Le passeggiate per le strade parigine, tanto piene di semplicità quanto di complessità, provocano nel fotografo un gran benessere, da lui descritto così: «Chi non ha mai provato la gioia che dà l’incontro di un istante in cui tutto pare organizzarsi in una storia di armonia provvisoria, non può capire ciò che spinge un individuo a cercare e a voler cogliere altri momenti simili con l’aiuto di una scatola nera munita di un occhio di vetro». Negli anni le sue foto fanno il giro del mondo, il suo nome  diventa altisonante e nel 1983 vince un importante premio, il Grand Prix national de la photographie.

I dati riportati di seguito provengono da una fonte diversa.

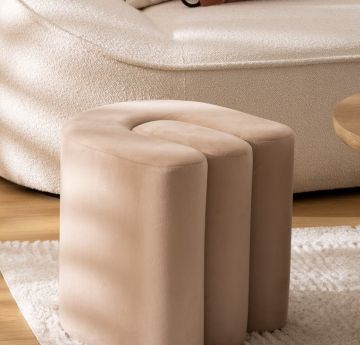 POUF BOLAN DIAM. CM 39.5 H. 40.5 IN VELLUTO BEIGE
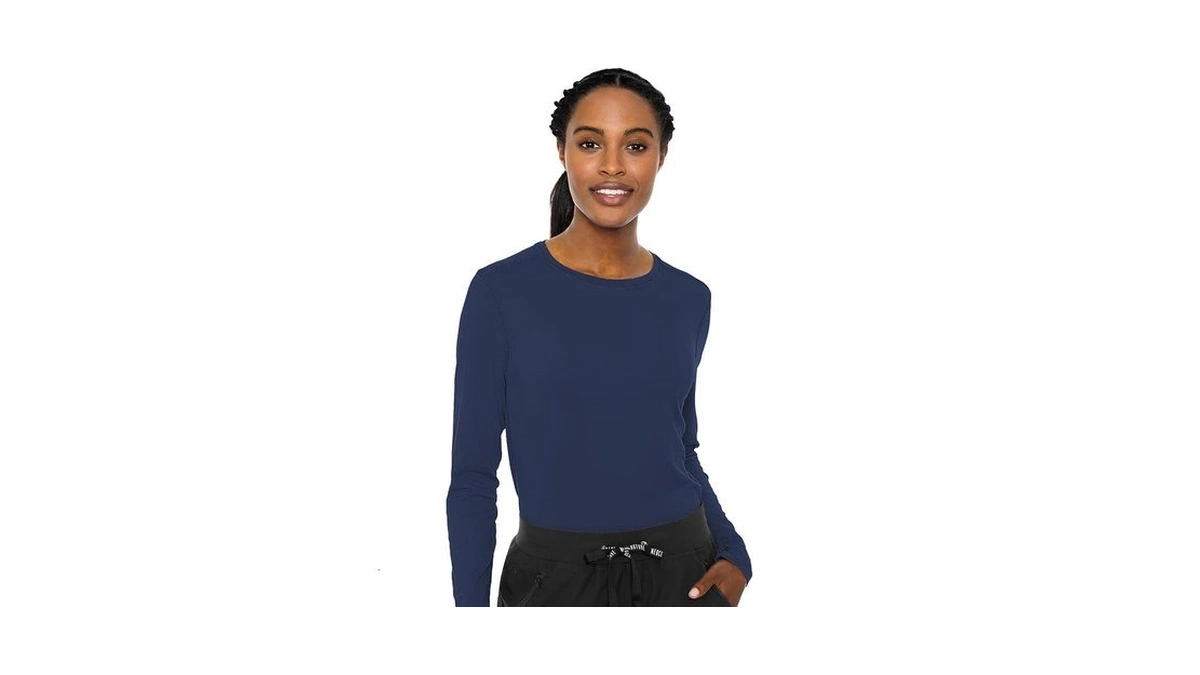 Med Couture Women's Underscrub Top Long Sleeve Performance Knit Tee,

Sebbene sia mancato nel 1994, Doisneau è ancora oggi considerato fra i fotografi più popolari ed influenti del Novecento. Il suo patrimonio artistico, realizzato in oltre cinquant’anni di carriera, ammonta a circa 450 mila scatti analogici ed è attualmente gestito dalle sue due figlie. A lui sono dedicate numerose mostre, alcune delle quali organizzate negli ultimi tempi anche in Italia. Gabriel Bauret, curatore di alcune di queste mostre, in una recente intervista ha dichiarato che Doisneau:

ha cercato di ritrovare nelle foto che scattava le cose che forse gli sono mancate nella vita. In particolare una certa forma di tenerezza, una certa forma di umanità. Per questo Doisneau appartiene pienamente a quella scuola fotografica francese che chiamiamo umanista. Nel suo percorso ha fatto fotografie alla gente, che hanno dato origine a immagini diventate iconiche, ma è anche e soprattutto qualcuno che ricercava il proprio piacere personale nell'atto di fotografare, che cercava di trovarsi a proprio agio in questo universo. Del resto, diceva spesso di amare e cercare quelle situazioni nelle quali si sentiva bene. In queste situazioni ci sono sentimenti, incontri tra personaggi, complicità.